Retype the records below from their first line through the line containing "Burberry Vintage Burberry", and include nothing else.
Data for review: Begin
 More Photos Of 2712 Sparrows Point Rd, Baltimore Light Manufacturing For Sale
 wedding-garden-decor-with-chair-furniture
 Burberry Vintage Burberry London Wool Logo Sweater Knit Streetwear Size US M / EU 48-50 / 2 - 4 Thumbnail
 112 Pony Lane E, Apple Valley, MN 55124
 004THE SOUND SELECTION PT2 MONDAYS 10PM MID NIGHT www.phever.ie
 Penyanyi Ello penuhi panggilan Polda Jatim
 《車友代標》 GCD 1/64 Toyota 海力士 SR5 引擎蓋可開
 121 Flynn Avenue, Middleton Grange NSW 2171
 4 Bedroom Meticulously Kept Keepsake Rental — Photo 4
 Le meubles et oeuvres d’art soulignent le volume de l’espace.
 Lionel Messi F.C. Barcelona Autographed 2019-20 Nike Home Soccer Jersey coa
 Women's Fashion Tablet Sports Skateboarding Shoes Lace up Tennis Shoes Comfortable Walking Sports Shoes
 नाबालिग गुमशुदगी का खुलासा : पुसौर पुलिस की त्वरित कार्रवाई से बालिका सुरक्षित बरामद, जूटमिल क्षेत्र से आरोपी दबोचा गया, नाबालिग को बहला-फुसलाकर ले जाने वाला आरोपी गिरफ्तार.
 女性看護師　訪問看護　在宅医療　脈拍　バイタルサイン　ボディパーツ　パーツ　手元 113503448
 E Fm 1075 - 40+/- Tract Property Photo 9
Data for review: End
- _Finished exercise_
 More Photos Of 2712 Sparrows Point Rd, Baltimore Light Manufacturing For Sale
 wedding-garden-decor-with-chair-furniture
 Burberry Vintage Burberry London Wool Logo Sweater Knit Streetwear Size US M / EU 48-50 / 2 - 4 Thumbnail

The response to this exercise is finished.